'''

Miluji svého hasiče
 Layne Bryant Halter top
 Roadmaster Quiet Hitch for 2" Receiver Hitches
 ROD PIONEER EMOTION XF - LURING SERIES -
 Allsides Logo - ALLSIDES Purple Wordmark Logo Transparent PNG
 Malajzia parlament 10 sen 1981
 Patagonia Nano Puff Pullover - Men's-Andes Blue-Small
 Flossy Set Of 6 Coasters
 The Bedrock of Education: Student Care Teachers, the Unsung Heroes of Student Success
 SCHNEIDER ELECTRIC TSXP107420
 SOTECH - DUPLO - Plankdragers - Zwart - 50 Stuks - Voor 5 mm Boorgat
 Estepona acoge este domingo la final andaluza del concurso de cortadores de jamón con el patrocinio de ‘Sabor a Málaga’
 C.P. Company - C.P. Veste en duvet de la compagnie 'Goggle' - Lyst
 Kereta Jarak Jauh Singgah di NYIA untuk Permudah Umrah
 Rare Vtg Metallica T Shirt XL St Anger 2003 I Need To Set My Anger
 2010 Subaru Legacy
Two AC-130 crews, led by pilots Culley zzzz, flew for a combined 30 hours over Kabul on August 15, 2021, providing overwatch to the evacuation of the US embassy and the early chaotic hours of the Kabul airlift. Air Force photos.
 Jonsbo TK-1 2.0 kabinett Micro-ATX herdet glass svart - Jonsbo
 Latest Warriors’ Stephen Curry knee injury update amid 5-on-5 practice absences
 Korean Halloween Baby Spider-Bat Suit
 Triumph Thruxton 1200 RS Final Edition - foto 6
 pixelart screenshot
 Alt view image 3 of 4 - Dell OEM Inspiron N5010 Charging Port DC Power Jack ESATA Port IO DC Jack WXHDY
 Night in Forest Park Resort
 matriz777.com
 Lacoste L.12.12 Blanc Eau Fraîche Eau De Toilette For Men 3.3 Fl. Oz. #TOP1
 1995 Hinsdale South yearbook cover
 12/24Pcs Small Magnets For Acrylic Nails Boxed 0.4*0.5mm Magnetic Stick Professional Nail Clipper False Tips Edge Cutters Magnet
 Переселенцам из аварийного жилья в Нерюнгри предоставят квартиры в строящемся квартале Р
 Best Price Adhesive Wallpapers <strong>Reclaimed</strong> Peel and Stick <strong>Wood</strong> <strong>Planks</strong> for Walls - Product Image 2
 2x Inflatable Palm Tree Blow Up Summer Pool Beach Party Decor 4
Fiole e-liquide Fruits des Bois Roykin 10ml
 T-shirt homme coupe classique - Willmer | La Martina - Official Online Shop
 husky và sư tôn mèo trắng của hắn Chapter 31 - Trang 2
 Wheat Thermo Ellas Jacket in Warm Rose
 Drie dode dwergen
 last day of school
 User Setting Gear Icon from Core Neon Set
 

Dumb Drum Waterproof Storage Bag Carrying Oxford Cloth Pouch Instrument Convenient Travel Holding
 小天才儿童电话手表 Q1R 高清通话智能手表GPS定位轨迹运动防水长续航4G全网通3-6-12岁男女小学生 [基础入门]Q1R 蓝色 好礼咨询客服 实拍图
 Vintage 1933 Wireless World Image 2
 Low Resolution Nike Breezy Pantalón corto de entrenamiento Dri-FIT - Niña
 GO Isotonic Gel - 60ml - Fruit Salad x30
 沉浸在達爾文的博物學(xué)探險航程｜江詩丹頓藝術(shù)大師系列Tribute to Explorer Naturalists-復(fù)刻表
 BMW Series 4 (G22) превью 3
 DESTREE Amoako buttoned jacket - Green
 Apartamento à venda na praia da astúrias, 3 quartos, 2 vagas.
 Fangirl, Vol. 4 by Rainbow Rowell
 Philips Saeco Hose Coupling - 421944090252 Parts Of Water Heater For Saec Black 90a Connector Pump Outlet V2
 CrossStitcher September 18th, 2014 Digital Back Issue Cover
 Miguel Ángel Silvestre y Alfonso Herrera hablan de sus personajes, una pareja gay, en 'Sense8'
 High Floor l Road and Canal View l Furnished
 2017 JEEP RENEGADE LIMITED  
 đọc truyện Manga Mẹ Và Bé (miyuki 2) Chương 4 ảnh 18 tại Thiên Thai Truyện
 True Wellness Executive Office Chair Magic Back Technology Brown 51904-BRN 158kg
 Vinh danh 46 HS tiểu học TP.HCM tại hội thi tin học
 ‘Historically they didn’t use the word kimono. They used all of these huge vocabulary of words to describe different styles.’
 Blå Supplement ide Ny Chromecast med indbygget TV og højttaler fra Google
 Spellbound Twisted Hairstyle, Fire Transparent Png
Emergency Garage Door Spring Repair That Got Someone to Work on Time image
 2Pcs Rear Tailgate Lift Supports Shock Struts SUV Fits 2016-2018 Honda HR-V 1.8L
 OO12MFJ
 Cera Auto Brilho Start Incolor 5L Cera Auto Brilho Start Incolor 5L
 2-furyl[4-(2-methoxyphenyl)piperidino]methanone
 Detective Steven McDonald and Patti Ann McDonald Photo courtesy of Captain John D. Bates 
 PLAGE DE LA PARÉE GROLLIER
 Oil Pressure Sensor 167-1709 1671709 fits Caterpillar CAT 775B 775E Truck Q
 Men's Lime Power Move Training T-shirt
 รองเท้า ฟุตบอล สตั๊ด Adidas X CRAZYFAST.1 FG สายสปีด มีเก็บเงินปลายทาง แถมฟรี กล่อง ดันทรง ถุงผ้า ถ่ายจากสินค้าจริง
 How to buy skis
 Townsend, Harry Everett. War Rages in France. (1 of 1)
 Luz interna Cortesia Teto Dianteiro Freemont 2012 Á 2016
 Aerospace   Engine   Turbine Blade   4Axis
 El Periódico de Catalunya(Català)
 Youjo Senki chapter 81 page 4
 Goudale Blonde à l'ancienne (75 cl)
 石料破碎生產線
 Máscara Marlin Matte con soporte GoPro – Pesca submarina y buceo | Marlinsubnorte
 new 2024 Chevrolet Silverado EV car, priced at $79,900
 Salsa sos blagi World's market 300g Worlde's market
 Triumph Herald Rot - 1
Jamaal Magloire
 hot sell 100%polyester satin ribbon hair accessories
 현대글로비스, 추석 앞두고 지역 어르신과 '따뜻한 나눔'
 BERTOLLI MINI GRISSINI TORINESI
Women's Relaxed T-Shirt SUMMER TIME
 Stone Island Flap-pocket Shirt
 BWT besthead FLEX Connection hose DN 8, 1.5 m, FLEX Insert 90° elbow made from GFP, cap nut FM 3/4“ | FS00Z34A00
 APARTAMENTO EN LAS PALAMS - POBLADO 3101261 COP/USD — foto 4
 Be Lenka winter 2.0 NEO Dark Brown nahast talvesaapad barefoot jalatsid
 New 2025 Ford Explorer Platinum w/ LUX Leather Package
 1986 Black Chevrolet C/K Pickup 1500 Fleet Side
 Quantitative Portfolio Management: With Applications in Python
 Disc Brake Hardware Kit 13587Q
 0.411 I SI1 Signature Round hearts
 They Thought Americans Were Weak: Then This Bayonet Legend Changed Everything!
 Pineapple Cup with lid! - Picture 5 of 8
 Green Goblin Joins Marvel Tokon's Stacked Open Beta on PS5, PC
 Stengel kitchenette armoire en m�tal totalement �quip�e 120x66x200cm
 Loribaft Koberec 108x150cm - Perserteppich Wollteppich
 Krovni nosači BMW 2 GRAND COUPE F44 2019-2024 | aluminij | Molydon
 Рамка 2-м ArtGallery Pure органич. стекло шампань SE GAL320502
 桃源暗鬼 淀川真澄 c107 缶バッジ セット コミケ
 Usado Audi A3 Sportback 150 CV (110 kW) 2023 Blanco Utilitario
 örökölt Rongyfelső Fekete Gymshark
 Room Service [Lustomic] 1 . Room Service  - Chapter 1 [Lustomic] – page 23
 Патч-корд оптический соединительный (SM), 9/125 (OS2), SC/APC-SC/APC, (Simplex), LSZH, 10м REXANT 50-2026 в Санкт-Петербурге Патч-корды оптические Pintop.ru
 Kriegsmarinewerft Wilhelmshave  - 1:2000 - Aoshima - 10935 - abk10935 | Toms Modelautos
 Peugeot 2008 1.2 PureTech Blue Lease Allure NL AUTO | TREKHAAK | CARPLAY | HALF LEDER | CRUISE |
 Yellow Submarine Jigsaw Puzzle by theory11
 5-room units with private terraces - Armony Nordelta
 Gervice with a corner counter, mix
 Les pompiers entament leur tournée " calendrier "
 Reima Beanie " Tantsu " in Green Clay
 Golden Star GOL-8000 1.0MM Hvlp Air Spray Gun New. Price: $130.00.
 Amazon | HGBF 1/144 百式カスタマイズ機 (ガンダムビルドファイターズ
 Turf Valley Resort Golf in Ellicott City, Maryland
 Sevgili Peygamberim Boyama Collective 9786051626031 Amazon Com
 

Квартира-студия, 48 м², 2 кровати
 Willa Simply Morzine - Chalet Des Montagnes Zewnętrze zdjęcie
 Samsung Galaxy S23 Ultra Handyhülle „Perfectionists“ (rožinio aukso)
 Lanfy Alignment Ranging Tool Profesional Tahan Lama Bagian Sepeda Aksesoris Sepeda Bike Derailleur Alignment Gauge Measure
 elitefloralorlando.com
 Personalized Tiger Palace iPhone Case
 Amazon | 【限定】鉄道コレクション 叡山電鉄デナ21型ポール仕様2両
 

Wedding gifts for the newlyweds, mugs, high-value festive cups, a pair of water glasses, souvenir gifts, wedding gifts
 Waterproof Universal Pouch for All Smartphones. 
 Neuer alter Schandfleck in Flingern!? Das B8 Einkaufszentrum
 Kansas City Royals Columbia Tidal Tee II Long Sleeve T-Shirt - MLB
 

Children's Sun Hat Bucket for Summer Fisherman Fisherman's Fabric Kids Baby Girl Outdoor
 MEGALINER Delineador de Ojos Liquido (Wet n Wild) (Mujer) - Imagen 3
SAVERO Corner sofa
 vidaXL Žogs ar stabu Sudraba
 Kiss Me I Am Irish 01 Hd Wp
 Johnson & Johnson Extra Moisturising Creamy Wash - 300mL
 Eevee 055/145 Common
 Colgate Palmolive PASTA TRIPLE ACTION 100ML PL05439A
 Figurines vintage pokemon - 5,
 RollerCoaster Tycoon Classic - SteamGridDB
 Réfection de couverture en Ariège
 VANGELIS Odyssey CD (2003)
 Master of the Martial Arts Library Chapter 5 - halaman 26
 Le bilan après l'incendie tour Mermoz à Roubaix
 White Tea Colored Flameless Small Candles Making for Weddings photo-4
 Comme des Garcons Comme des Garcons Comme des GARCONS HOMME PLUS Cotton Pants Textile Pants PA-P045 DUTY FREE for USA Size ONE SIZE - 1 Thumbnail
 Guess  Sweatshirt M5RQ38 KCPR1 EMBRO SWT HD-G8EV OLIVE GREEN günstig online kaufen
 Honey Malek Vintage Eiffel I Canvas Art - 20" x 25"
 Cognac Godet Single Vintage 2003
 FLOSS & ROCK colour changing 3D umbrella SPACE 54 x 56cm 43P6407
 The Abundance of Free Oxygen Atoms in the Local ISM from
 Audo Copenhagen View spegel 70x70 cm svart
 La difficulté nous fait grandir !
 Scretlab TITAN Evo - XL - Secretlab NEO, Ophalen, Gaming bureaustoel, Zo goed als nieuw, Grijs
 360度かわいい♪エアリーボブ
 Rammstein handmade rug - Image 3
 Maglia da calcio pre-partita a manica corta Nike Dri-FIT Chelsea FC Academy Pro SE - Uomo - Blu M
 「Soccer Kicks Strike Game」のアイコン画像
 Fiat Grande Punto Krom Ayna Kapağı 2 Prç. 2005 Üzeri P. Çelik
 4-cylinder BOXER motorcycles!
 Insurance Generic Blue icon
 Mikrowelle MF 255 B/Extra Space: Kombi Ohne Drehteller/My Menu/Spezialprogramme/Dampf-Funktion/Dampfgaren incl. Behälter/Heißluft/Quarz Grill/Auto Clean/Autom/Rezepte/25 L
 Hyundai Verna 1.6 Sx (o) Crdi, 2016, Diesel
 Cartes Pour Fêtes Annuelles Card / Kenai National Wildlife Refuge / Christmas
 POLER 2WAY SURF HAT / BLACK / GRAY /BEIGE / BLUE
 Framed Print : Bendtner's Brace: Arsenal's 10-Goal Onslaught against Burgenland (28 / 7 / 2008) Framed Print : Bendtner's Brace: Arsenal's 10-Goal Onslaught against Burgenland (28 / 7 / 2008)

'''

▶ **The problem**:
Please give back exactly the lines of the listing above that run from the one containing "User Setting Gear Icon from Core Neon Set" through the one containing "Blå Supplement ide", and only those.

▶ **Solution to the exercise**:
 User Setting Gear Icon from Core Neon Set
 

Dumb Drum Waterproof Storage Bag Carrying Oxford Cloth Pouch Instrument Convenient Travel Holding
 小天才儿童电话手表 Q1R 高清通话智能手表GPS定位轨迹运动防水长续航4G全网通3-6-12岁男女小学生 [基础入门]Q1R 蓝色 好礼咨询客服 实拍图
 Vintage 1933 Wireless World Image 2
 Low Resolution Nike Breezy Pantalón corto de entrenamiento Dri-FIT - Niña
 GO Isotonic Gel - 60ml - Fruit Salad x30
 沉浸在達爾文的博物學(xué)探險航程｜江詩丹頓藝術(shù)大師系列Tribute to Explorer Naturalists-復(fù)刻表
 BMW Series 4 (G22) превью 3
 DESTREE Amoako buttoned jacket - Green
 Apartamento à venda na praia da astúrias, 3 quartos, 2 vagas.
 Fangirl, Vol. 4 by Rainbow Rowell
 Philips Saeco Hose Coupling - 421944090252 Parts Of Water Heater For Saec Black 90a Connector Pump Outlet V2
 CrossStitcher September 18th, 2014 Digital Back Issue Cover
 Miguel Ángel Silvestre y Alfonso Herrera hablan de sus personajes, una pareja gay, en 'Sense8'
 High Floor l Road and Canal View l Furnished
 2017 JEEP RENEGADE LIMITED  
 đọc truyện Manga Mẹ Và Bé (miyuki 2) Chương 4 ảnh 18 tại Thiên Thai Truyện
 True Wellness Executive Office Chair Magic Back Technology Brown 51904-BRN 158kg
 Vinh danh 46 HS tiểu học TP.HCM tại hội thi tin học
 ‘Historically they didn’t use the word kimono. They used all of these huge vocabulary of words to describe different styles.’
 Blå Supplement ide Ny Chromecast med indbygget TV og højttaler fra Google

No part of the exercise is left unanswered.